Strona:PL Waleria Marrené-Błękitna książeczka 155.jpeg

Z Wikiźródeł, wolnej biblioteki
Ta strona została uwierzytelniona.

Wiedziała to jedno, że on odjeżdża, a bez niego ten pałac, ten park, a nawet świat cały, byłby dla niej wielką pustynią, bez niego nie pojmowała więcej życia, bez niego ona istnieć nie mogła, tak samo jak i on bez niej. Bo ani na jedną chwilę nie podała w wątpliwość uczuć Romualda; on z pewnością cierpiał tyle co ona, srożej może. Miłość jego zdawała się niewzruszoną opoką, na której bezpiecznie przyszłość budować mogła, i prędzej stokroć przestałaby wierzyć samej sobie, niż jemu.
Drylska znalazła ją cichą, spokojną, pogrążoną w myślach, lica jej były blade, wargi drżały, ręce złożone spoczywały na piersiach, jakby gwałtowne bicie serca powstrzymać chciała. W milczeniu wypiła przyniesioną herbatę, chociaż z trudnością przełknąć ją mogła.
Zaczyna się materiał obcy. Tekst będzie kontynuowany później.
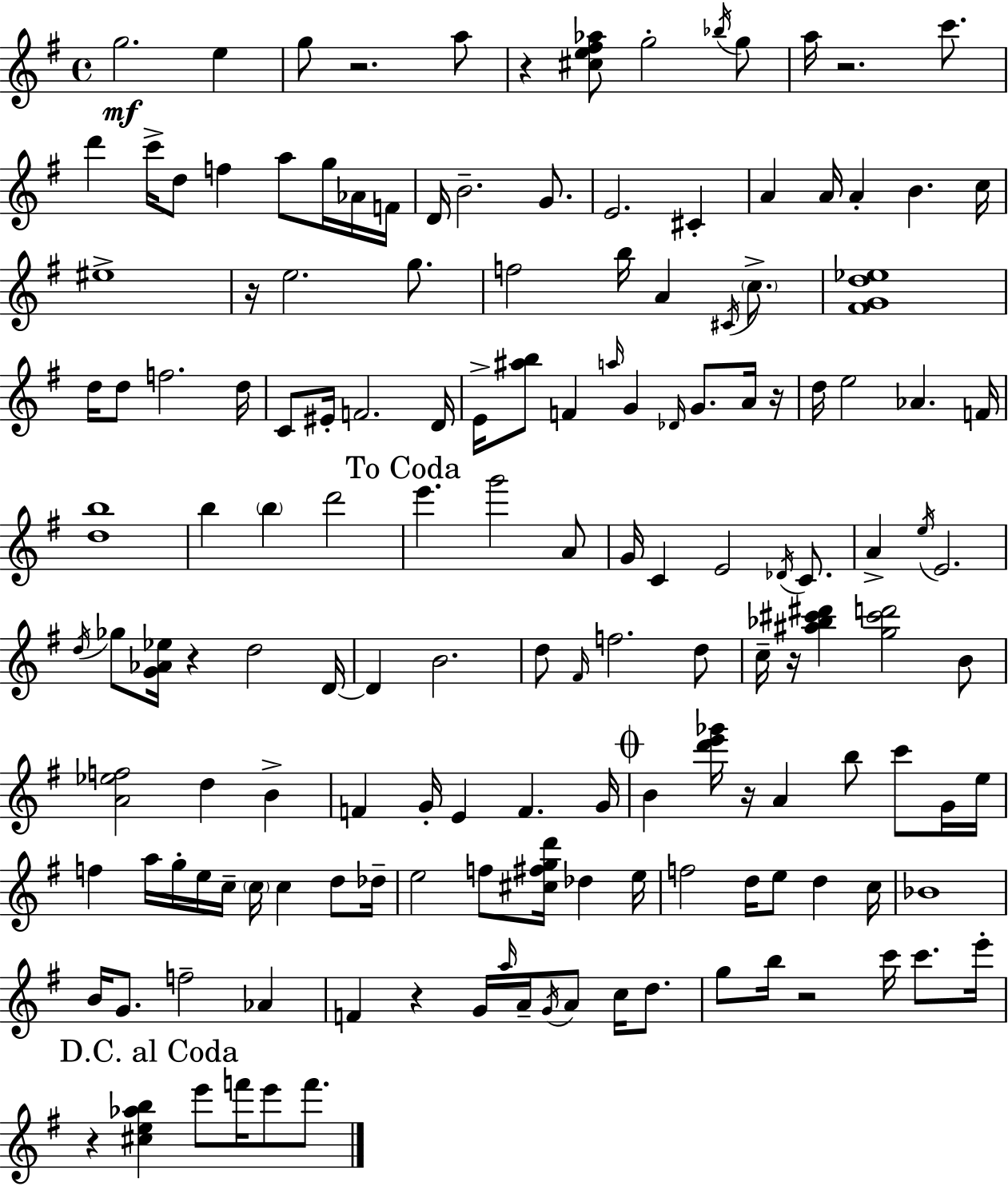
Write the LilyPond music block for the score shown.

Konieczność ukrywania wrażeń była dla niej nieznośną, czuła potrzebę zebrania myśli, naradzenia się z sobą, a widoczna straż ochmistrzyni ciążyła jej jak kajdany.
Sądząc, że jej się pozbędzie, rzuciła się na łóżko, ale Drylska gotowała się zamknąć okno i przesiedzieć spokojnie w jej pokoju noc całą.
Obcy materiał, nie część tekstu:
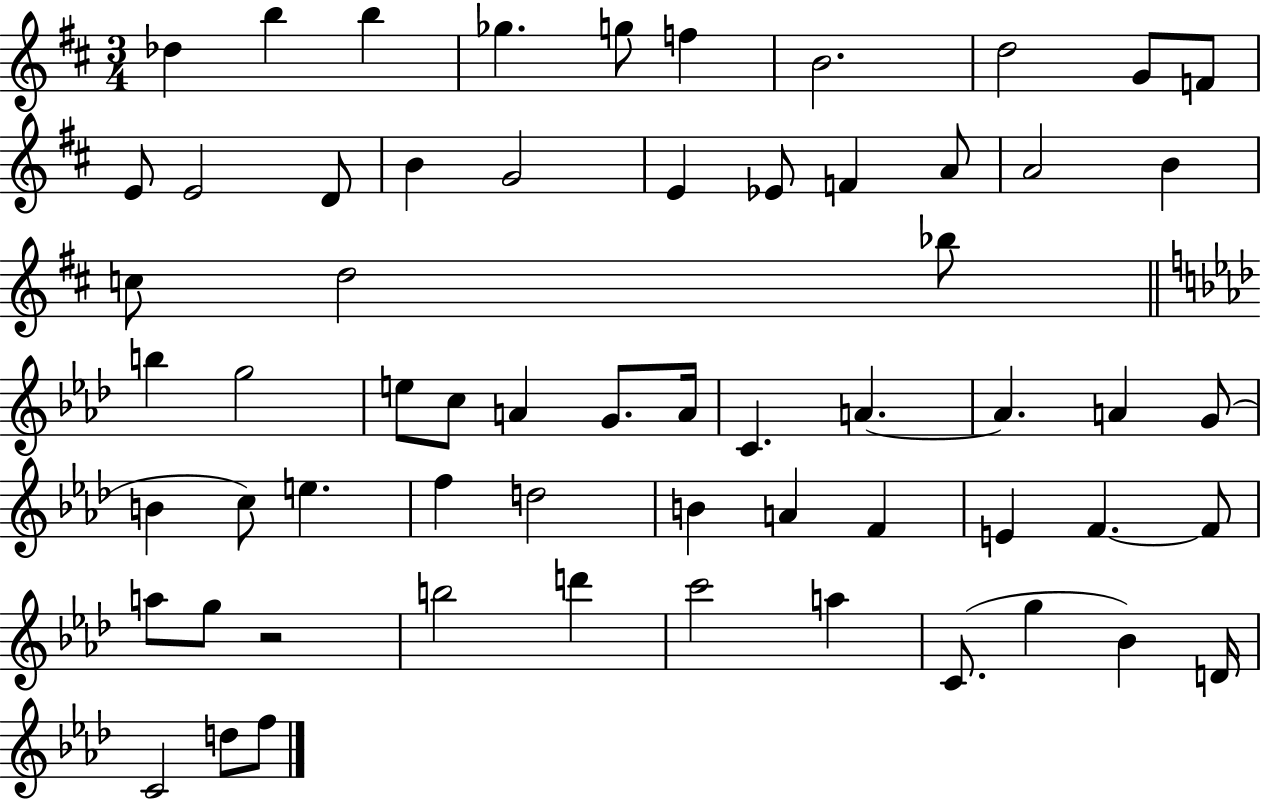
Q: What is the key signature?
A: D major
— Zostaw okno otwarte — zawołała — duszno mi, gorąco.
Drylska z niechęcią odstąpiła od swego zamiaru i powróciła na dawne miejsce na fotelu, nieopodal od łóżka księżniczki.
Natalia w milczeniu zacisnęła ręce, aż paznogcie wpiły się w ciało; przecież chcąc o ile możności uwolnić się od nadzoru, zamknęła oczy, aby nie widzieć przynajmniej ochmistrzyni, której teraz nienawidziła całą duszą.
Taktyka ta powiodła się lepiej od innych; po niejakim czasie oczy Drylskiej zaczęły się kleić, i głośny przyspieszony oddech zdradził, iż spała. Księżniczka uniosła się na poduszkach, nie dowierzając jeszcze własnym uszom, unikając najmniejszego szelestu, wstała z łóżka, i po kobiercu zaścielającym pokój, skradła się do okna.